11. Commitments and Contingencies

On August 13, 2014, Cinedigm Corp. and Cinedigm Entertainment Holdings, LLC (together, “Cinedigm”) initiated an arbitration proceeding under the Membership Interest Purchase Agreement, dated October 17, 2013, by and among Cinedigm and Gaiam, Inc. and one of its subsidiaries (the “MIPA”). The aggregate relief requested by Cinedigm exceeded $30.0 million and included unspecified compensatory damages, attorneys’ fees, costs and interest, and other relief. Contractual provisions in the MIPA and related agreements provided that the working capital adjustment dispute would be resolved pursuant to arbitration before a nationally recognized accounting firm (the “WC Arbitration”), and the other disputes would be resolved pursuant to arbitration before the American Arbitration Association (the “AAA Arbitration”).
Following the conclusion of the WC Arbitration, the parties entered into a Confidential Settlement Agreement and Release on September 30, 2015 (the “Settlement”). The Settlement resolves all of the parties’ claims in connection with both the WC Arbitration and the AAA Arbitration (including the claims for working capital adjustment, breach of representations and warranties, breach of contract, fraud and other tortious acts)-with the sole exception of a single claim by Cinedigm (which was preserved) related to the reconciliation of cash collected by the Company during the transition period following the closing of the transaction (the “Cash Reconciliation Claim”). The Settlement provides that the Company will deliver a payment of $2.3 million to Cinedigm. The Settlement further provides that the Cash Reconciliation Claim will be resolved through one final arbitration (which has not yet been scheduled). The Settlement limits the Company’s potential exposure in connection with the Cash Reconciliation Claim. The company believes it has adequately accrued for the pending arbitration and does not expect any material additional settlements beyond the current estimate.
 
The Settlement does not constitute an admission by either party of any liability or wrongdoing whatsoever. The Company entered into the Settlement in order to (i) eliminate the uncertainty and risk inherent in any litigation, (ii) significantly reduce the professional fees and costs that the litigation would require, and (iii) significantly reduce the distraction imposed by the process on management.

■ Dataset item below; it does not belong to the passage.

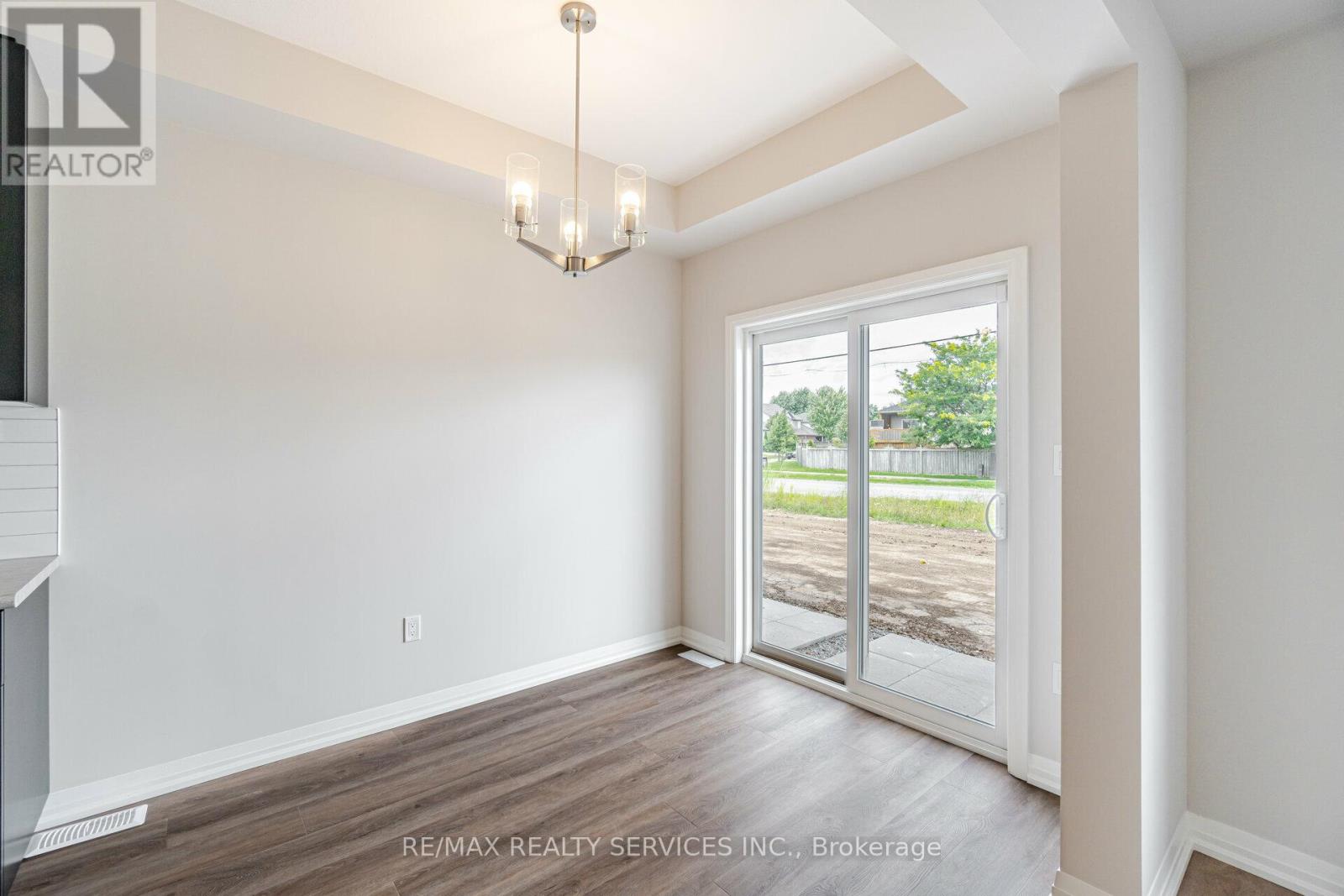 7310 Marvel Drive, Niagara Falls, Ontario  L2H 3V5 - Photo 10 - X12567980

During the three months ended September 30, 2015, the Company recorded charges of $10.7 million which include a non-cash charge of $7.3 million for the working capital receivable due from Cinedigm. The expenses associated with the Settlement and arbitration have all been included in Loss from discontinued operations in the accompanying condensed consolidated statements of operations.

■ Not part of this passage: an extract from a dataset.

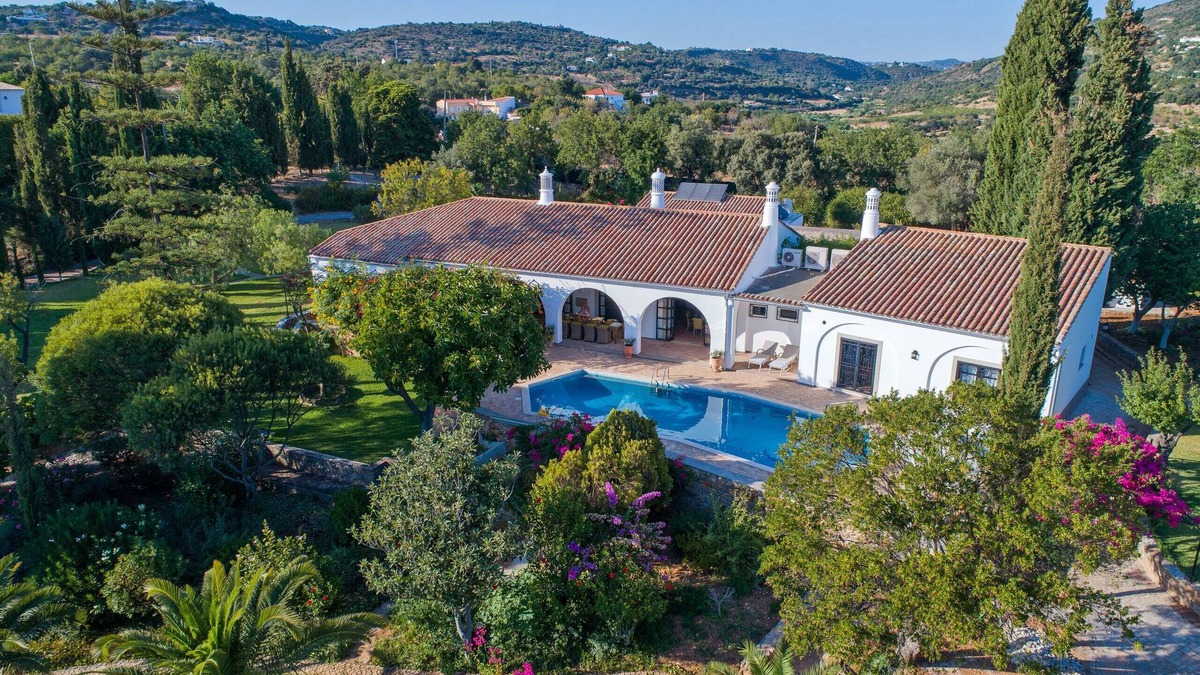 Lagos e Relvas Villa | Villa dos Ciprestes by Portucasa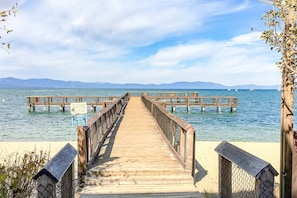 Beach - Woodsy condo near skiing with beach access, pool, hot tub, & WiFi (South Lake Tahoe)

From time to time, we are involved in legal proceedings that we consider to be in the normal course of business. Claimed amounts against us may be substantial but may not bear any reasonable relationship to the merits of the claim or the extent of any real risk of court or arbitral awards. We record accruals for losses related to those matters against us that we consider to be probable and that can be reasonably estimated. Although it is not feasible to predict the outcome of these matters with certainty, it is reasonably possible that some legal proceedings may be disposed of or decided unfavorably to us and in excess of the amounts currently accrued. Based on available information, in the opinion of management, settlements, arbitration awards and final judgments, if any, which are considered probable of being rendered against us in litigation or arbitration in existence at September 30, 2015 and can be reasonably estimated are reserved against or would not have a material adverse effect on our financial condition, results of operations or cash flows.